= What you have to do =
Look below for the line holding "Ace of Wands" and the line holding "Day, Natural landscape, Garden, Mountain". Transcribe exactly those lines and all lines between them, nothing more.

..............................

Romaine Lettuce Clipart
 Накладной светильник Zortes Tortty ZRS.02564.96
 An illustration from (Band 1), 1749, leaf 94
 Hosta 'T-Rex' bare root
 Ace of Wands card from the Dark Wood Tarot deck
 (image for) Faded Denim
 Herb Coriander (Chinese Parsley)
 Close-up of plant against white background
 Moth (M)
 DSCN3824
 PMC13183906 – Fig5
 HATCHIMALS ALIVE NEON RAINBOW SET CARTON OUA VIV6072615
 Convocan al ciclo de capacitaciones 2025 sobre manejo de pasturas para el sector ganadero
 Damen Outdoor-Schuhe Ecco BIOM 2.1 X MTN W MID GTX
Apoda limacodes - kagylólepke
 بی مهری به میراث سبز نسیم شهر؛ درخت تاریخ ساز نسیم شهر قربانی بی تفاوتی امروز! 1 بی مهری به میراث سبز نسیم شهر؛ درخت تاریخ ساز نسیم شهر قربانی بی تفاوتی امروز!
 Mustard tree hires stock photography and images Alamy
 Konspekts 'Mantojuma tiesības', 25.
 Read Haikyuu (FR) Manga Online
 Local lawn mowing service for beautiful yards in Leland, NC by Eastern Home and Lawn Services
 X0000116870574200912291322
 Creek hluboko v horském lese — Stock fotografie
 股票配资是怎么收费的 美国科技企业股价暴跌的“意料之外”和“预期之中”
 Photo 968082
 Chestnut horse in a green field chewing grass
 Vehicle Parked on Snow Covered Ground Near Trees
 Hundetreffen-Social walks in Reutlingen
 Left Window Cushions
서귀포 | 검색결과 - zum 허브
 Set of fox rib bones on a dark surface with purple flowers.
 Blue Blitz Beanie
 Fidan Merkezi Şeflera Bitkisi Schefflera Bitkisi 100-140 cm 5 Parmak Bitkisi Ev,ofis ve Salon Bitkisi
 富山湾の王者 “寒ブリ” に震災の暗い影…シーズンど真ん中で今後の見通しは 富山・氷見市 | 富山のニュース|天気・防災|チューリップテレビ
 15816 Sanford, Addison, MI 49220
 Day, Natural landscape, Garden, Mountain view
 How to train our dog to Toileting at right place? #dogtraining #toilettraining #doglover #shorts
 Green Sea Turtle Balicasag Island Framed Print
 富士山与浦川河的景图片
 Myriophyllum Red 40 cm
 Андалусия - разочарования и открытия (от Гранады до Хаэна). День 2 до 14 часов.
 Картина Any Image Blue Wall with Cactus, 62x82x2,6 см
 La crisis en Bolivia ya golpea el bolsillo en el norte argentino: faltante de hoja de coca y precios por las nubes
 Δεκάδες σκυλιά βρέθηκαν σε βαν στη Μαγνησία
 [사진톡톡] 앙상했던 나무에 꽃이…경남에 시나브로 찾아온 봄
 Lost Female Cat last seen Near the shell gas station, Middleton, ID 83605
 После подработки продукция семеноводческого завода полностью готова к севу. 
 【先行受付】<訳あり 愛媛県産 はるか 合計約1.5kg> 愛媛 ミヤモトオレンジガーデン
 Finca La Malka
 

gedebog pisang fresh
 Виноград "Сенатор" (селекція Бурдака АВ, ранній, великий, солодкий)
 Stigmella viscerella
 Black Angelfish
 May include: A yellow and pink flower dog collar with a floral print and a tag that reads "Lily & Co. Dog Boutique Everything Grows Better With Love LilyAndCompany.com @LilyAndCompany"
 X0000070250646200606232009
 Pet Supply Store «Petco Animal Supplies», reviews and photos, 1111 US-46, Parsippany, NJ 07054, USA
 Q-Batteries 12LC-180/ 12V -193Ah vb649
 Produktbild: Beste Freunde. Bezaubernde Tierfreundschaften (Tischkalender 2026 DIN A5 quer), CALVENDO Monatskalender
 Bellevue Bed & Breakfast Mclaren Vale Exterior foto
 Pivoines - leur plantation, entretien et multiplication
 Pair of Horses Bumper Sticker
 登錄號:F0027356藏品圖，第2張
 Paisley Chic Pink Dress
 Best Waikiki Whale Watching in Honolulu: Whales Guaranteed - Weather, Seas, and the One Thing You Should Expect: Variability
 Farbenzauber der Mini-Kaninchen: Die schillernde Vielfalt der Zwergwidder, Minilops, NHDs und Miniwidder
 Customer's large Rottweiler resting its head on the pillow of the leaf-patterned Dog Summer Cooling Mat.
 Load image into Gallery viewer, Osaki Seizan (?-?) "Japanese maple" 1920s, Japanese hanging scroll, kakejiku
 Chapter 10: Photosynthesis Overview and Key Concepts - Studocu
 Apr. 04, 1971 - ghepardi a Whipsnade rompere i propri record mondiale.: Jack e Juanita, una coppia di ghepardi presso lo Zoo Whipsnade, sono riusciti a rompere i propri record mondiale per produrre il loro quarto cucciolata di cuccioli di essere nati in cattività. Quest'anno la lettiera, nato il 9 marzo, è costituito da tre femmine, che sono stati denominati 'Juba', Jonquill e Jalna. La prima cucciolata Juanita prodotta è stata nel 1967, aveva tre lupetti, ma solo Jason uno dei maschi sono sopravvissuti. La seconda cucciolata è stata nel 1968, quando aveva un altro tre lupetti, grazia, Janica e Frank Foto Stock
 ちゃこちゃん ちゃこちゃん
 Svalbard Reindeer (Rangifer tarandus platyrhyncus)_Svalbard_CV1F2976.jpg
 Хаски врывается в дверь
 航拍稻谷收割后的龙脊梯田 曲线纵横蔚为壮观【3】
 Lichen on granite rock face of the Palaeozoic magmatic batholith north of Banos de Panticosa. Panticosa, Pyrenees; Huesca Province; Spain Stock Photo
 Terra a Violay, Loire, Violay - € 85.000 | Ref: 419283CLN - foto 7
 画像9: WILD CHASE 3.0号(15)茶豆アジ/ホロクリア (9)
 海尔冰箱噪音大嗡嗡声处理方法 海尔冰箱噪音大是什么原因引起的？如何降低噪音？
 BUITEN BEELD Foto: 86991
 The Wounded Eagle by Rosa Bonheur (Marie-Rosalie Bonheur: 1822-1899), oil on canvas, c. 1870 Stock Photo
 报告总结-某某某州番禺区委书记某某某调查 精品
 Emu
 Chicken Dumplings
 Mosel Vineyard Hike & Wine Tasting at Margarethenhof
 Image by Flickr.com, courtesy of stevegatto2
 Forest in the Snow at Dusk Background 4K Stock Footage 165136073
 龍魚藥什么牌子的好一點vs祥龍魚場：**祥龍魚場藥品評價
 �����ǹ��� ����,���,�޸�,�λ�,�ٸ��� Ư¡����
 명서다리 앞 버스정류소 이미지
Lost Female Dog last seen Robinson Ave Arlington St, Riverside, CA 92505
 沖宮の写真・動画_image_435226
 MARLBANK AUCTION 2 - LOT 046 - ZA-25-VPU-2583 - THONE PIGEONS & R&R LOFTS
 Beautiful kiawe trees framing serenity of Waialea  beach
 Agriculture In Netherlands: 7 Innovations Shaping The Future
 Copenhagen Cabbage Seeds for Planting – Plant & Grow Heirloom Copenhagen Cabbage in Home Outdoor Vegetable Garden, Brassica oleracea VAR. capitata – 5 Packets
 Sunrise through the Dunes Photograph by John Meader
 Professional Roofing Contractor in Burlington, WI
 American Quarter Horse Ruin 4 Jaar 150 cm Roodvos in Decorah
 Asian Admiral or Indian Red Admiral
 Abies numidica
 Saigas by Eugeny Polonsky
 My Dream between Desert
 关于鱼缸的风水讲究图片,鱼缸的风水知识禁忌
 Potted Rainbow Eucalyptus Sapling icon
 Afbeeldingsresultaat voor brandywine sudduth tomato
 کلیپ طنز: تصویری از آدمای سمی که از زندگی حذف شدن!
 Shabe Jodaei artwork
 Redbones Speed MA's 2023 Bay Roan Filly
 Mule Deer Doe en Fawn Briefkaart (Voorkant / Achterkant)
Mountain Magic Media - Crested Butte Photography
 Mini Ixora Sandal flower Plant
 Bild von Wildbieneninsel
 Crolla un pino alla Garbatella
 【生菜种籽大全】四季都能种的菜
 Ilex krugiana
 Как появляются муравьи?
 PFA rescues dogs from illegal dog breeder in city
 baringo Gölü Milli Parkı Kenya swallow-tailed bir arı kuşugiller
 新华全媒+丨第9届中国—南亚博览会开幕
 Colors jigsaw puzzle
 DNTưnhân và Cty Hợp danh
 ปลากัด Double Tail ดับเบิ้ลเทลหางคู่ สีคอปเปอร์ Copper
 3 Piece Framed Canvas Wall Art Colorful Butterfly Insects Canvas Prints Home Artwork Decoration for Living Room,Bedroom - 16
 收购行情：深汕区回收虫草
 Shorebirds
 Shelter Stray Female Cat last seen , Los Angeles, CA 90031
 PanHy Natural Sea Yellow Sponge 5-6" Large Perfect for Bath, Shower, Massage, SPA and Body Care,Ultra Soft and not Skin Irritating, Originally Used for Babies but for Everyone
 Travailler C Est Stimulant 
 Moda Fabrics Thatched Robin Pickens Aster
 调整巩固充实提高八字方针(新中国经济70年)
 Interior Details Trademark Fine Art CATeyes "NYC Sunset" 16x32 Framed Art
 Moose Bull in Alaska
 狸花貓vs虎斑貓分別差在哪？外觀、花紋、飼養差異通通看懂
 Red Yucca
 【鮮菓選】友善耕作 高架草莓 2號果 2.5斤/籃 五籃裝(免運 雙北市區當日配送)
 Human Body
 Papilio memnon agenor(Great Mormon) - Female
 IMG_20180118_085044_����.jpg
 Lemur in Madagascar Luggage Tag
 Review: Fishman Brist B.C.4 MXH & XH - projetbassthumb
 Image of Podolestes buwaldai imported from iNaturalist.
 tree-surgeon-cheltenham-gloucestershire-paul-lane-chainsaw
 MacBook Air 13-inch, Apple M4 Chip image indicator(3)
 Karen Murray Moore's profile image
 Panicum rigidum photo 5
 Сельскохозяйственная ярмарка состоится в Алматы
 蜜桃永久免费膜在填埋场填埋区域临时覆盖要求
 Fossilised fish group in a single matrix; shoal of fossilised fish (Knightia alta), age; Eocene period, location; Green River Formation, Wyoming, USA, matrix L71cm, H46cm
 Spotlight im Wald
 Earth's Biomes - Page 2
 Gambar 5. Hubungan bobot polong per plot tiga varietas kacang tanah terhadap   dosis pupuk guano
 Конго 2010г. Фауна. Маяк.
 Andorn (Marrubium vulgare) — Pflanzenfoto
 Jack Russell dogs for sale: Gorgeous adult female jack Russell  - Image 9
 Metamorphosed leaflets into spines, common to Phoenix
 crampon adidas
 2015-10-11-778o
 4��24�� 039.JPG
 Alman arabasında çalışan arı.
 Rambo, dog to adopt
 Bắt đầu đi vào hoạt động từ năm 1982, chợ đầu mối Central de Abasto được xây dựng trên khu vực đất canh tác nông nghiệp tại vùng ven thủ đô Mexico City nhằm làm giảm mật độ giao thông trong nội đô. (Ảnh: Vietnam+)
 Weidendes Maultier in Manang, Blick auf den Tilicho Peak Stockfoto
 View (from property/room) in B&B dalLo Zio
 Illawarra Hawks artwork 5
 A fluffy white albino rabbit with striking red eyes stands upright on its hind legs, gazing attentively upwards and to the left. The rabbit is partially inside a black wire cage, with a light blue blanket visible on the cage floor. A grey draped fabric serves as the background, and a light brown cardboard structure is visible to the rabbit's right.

..............................

= The completed task =
 Ace of Wands card from the Dark Wood Tarot deck
 (image for) Faded Denim
 Herb Coriander (Chinese Parsley)
 Close-up of plant against white background
 Moth (M)
 DSCN3824
 PMC13183906 – Fig5
 HATCHIMALS ALIVE NEON RAINBOW SET CARTON OUA VIV6072615
 Convocan al ciclo de capacitaciones 2025 sobre manejo de pasturas para el sector ganadero
 Damen Outdoor-Schuhe Ecco BIOM 2.1 X MTN W MID GTX
Apoda limacodes - kagylólepke
 بی مهری به میراث سبز نسیم شهر؛ درخت تاریخ ساز نسیم شهر قربانی بی تفاوتی امروز! 1 بی مهری به میراث سبز نسیم شهر؛ درخت تاریخ ساز نسیم شهر قربانی بی تفاوتی امروز!
 Mustard tree hires stock photography and images Alamy
 Konspekts 'Mantojuma tiesības', 25.
 Read Haikyuu (FR) Manga Online
 Local lawn mowing service for beautiful yards in Leland, NC by Eastern Home and Lawn Services
 X0000116870574200912291322
 Creek hluboko v horském lese — Stock fotografie
 股票配资是怎么收费的 美国科技企业股价暴跌的“意料之外”和“预期之中”
 Photo 968082
 Chestnut horse in a green field chewing grass
 Vehicle Parked on Snow Covered Ground Near Trees
 Hundetreffen-Social walks in Reutlingen
 Left Window Cushions
서귀포 | 검색결과 - zum 허브
 Set of fox rib bones on a dark surface with purple flowers.
 Blue Blitz Beanie
 Fidan Merkezi Şeflera Bitkisi Schefflera Bitkisi 100-140 cm 5 Parmak Bitkisi Ev,ofis ve Salon Bitkisi
 富山湾の王者 “寒ブリ” に震災の暗い影…シーズンど真ん中で今後の見通しは 富山・氷見市 | 富山のニュース|天気・防災|チューリップテレビ
 15816 Sanford, Addison, MI 49220
 Day, Natural landscape, Garden, Mountain view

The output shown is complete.